= James Michael Ullman =

American novelist

James Michael Ullman (1925–1997) was an American novelist and newspaper writer/editor known for his work in and about the Chicago area.

==Education, employment, war service==

Ullman served in World War II and the U.S. Navy for two and a half years, and also served as an Air Force civilian employee on Guam.

Ullman became a newspaperman soon after. He served as police reporter on the La Porte, Indiana Herald-Argus, was editor of the Skokie, IL News and served as head of the United Press Bureau's Chicago desk.

Ullman was educated at Chicago's Wright Junior College and De Paul University, eventually receiving a Masters in Journalism from Northwestern University in 1954.

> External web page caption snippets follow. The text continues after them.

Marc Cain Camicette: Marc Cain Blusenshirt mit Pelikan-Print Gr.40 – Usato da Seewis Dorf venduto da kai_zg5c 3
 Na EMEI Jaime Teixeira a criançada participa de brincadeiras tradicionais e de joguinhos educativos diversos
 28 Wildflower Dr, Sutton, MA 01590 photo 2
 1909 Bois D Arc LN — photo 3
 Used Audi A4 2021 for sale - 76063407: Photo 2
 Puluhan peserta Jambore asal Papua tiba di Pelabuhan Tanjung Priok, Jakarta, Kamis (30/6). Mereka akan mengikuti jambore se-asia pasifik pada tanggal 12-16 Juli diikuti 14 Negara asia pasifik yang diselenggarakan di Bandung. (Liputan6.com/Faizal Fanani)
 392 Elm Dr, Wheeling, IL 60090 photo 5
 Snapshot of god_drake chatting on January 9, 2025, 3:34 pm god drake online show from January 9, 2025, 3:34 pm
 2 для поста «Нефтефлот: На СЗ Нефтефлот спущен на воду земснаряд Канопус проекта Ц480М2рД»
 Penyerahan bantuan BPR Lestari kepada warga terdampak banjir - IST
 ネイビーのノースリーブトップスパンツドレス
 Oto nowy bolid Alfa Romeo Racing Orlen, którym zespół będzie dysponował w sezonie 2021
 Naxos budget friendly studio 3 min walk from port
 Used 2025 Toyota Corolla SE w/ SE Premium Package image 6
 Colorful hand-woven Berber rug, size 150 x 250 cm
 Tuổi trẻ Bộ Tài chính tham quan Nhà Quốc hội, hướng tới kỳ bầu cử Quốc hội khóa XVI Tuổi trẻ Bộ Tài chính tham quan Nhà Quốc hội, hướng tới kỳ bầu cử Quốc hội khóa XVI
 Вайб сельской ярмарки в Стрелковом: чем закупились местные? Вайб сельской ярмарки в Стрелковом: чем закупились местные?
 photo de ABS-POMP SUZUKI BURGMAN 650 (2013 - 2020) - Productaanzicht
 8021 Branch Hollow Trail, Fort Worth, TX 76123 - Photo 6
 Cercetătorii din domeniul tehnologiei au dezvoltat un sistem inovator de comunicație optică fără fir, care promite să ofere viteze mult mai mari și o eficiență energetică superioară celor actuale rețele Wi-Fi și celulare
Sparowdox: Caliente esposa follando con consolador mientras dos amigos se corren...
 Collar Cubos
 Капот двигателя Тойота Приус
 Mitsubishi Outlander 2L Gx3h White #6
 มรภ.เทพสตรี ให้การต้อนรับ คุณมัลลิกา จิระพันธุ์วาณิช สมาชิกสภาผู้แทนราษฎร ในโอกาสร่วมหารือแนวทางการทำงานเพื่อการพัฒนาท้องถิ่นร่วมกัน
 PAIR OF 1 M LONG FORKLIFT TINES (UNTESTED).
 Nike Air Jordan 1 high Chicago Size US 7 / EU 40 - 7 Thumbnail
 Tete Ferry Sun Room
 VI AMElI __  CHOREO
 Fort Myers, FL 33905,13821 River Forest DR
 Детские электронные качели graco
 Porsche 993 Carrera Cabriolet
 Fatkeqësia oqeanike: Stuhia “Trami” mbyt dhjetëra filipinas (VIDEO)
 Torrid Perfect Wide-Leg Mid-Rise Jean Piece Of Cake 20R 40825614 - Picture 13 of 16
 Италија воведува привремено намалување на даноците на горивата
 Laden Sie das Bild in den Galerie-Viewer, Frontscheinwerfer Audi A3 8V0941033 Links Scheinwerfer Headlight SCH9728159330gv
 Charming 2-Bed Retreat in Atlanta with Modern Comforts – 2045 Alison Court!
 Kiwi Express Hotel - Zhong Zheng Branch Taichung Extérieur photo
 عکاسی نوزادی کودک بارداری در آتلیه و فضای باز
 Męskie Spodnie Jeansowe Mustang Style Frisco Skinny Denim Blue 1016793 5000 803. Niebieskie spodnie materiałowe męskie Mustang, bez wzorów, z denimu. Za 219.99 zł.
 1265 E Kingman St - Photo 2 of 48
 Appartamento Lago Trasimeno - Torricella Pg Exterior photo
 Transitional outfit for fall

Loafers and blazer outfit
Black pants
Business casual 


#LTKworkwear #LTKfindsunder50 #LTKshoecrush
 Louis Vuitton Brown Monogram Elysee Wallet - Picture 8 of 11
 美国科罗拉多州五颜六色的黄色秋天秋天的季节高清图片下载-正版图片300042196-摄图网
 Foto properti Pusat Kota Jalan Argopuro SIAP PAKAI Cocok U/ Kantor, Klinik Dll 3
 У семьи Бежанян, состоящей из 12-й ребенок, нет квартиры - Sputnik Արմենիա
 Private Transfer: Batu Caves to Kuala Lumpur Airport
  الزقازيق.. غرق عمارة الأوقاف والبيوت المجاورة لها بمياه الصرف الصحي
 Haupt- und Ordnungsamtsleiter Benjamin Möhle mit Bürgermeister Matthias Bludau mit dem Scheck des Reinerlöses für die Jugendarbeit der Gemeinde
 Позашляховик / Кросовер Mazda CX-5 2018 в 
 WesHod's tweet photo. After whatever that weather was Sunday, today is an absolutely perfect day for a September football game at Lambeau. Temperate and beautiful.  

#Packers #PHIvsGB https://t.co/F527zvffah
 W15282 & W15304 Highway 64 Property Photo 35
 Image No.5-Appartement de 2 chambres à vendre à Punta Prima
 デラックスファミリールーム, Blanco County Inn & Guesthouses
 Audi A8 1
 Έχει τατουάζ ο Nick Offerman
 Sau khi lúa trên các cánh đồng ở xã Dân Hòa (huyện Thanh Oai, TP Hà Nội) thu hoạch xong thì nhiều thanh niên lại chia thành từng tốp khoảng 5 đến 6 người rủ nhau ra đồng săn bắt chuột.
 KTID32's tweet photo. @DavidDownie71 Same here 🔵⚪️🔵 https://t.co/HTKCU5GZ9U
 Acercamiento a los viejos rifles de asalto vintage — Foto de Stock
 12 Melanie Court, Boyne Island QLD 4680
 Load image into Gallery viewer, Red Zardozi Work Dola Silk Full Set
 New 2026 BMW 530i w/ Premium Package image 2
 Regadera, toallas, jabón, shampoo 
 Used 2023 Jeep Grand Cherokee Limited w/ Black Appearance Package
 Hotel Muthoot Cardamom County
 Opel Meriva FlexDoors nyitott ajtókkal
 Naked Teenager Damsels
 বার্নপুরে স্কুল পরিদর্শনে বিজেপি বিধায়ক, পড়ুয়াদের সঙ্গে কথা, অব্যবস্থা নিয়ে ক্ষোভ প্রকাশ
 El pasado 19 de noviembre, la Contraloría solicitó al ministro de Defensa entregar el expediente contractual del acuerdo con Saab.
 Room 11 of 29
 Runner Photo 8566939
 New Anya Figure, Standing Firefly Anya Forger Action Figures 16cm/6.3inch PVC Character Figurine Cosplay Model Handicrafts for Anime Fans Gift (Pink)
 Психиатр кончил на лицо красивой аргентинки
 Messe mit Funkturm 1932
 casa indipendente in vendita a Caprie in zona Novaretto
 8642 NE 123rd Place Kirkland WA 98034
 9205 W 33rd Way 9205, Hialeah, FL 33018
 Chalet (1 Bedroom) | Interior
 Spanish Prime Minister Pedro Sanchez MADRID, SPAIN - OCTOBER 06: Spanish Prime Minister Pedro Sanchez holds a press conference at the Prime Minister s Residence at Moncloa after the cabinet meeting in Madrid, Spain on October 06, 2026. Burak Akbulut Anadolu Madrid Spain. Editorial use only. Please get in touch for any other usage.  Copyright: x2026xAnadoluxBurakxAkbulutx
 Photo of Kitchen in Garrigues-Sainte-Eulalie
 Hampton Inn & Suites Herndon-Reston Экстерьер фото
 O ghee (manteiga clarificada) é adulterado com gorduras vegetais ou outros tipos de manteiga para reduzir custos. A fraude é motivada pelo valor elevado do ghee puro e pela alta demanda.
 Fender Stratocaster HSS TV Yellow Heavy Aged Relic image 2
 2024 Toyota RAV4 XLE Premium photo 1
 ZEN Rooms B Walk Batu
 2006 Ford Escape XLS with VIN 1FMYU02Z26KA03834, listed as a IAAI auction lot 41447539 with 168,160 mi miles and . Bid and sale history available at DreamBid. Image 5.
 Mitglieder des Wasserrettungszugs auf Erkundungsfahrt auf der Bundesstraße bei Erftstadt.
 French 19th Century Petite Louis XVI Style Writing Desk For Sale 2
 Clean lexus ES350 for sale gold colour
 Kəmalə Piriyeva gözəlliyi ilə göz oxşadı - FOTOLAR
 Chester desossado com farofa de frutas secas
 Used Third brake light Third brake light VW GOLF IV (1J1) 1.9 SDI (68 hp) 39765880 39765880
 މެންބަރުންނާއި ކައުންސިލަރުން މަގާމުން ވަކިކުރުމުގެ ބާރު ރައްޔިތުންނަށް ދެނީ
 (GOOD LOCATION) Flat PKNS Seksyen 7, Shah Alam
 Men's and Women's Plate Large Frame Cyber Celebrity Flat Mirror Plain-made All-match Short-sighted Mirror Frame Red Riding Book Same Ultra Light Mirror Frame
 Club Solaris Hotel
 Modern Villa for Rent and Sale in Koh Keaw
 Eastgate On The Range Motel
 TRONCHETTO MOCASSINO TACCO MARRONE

He won a prize in the Ellery Queen Magazine's 1953 contest with his first story Anything New on the Strangler? His short stories continued to appear in Ellery Queen's Mystery Magazine through the early 1960s when he turned to novels.

==Novels==

Ullman's first novel The Neon Haystack won Simon & Schuster's Inner Sanctum Mystery Award in 1963. The story centers around Steve Kolchak, who arrives in "a mid-western city" in search of his brother who disappeared exactly one year earlier. Kolchak takes the same hotel room, walks into the same dive bars and befriends the same shady characters who last saw his brother before his disappearance.

Ullman's 1966 novel, The Venus Trap, follows a similar theme: its protagonist goes in search of his father who went missing many years earlier, last having been seen leaving home with a strange man and a million dollars in diamonds in the heel of his shoe.

This theme of family members gone missing held a certain attraction to Ullman, and eventually encouraged the writing of this article. Ullman, his work, and his biography – like one of his mystery novel characters – had seemed to simply disappear without a trace in the digital online age.

Perhaps Ullman's most popular and enduring work appeared in 1981, titled How to Hold a Garage Sale. Still popular as a how-to book among enthusiasts of the backyard sale, the book can still be found on Amazon and other markets. In 1986, Ullman co-authored the similarly themed Dow Jones-Irwin Guide to Using IRA's.

In 1987, Ullman and his 1954 short story Dead Ringer were honored by appearing in the collection Murder & Mystery in Chicago, a collection of mysteries set in the city Ullman called home. Ullman died in 1997.